I'm pretty sure the problem isnt keka but p7zip itself - I will share some examples and binaries to test with if youre still interested, as this is really intriguing. Can I PM you here in order so send the test files?
There's no PM here but you can get in touch via mail at [email protected] :)
@andyrobik thanks for the files. I'll be testing them and see what can we do about this one.
i thank you
Already contacted via mail, but this issue is caused because of the sorting system used by p7zip
. You can see in 7-Zip's FAQ:
You can get big difference in compression ratio for different sorting methods, if dictionary size is smaller than total size of files. If there are similar files in different folders, the sorting "by type" can provide better compression ratio in some cases.
Also in this case the use of BCJ2
filter resulted in worse ratio, and using LZMA2
instead of LZMA
too, although slightly and with a speed penalty.

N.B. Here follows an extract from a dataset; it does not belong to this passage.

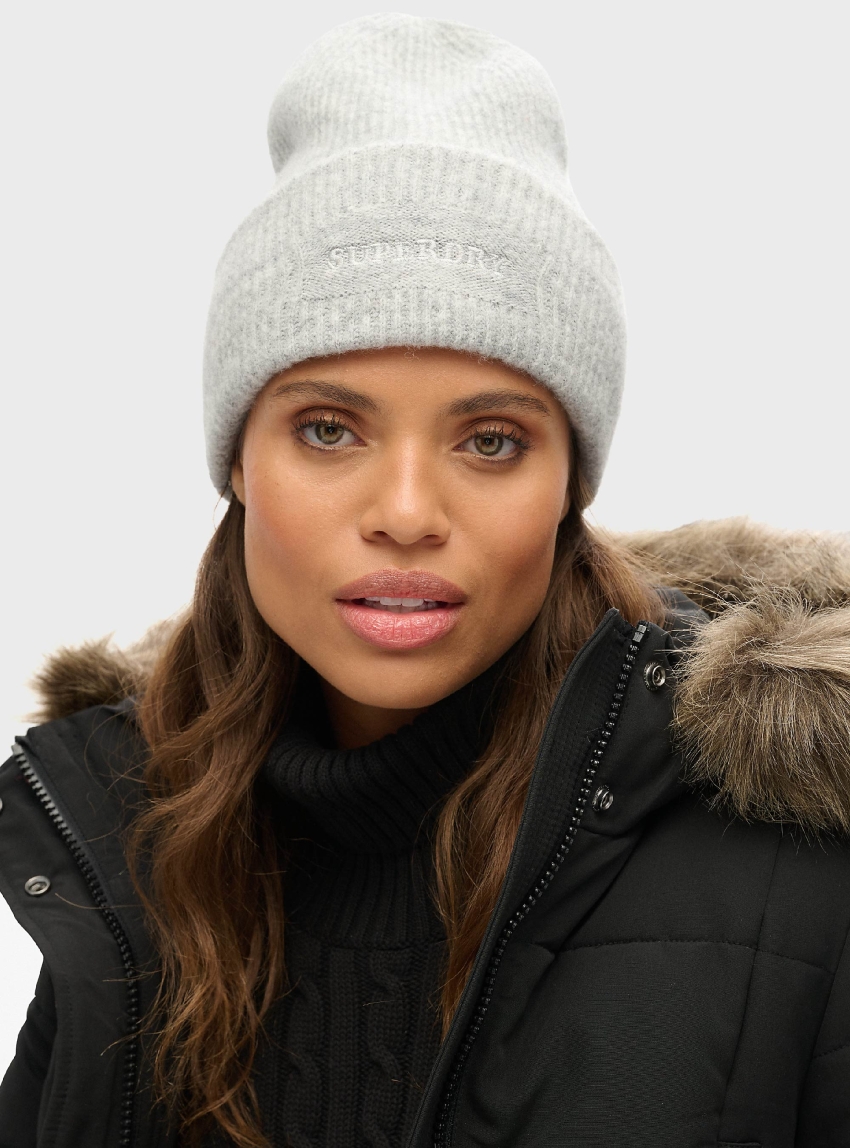 Superdry Soft Rib Knit Beanie Hat - Grey Melange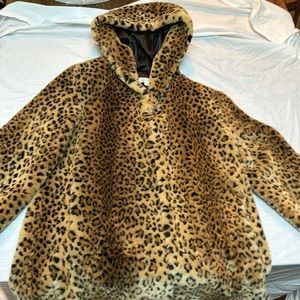 Dressbarn Faux Leopard Hooded Swing Coat Size: Small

Will need to think how to implement this, but meanwhile here are two builds:
-
Keka-QS+LZMA: Using sorting by type and no filter when
solid
if selected -
Keka-QS+LZMA: Using sorting by type, no filter and LZMA when
solid
is selected
"Keka-QS+LZMA" is my fave, it takes more than double the time (150%) to compress but utilizes less cpu time and gives better compression results ("Keka-QS" brawled at 75% with howling fans, archive was 20% bigger). It would be nice if there was a way to get the best compression options automagically. you just say e.g. i want the archive to be as small as possible vs i dont care if the result is like a zip ;) as long it is fast - a not too comprehensive set of sliders to tune it. A look into the p7zip docs gives me a headache. With the defaults p7zip behaves, I personally dont see a big advantage over zip/rar right now for binary data compression, so i will stick with my personal "Keka-QS+LZMA" version - thank you!
BTW you made a typo in the above post, naming both version the same.
This issue has been automatically marked as stale because it has not had recent activity. It will be closed if no further activity occurs. Thank you for your contributions.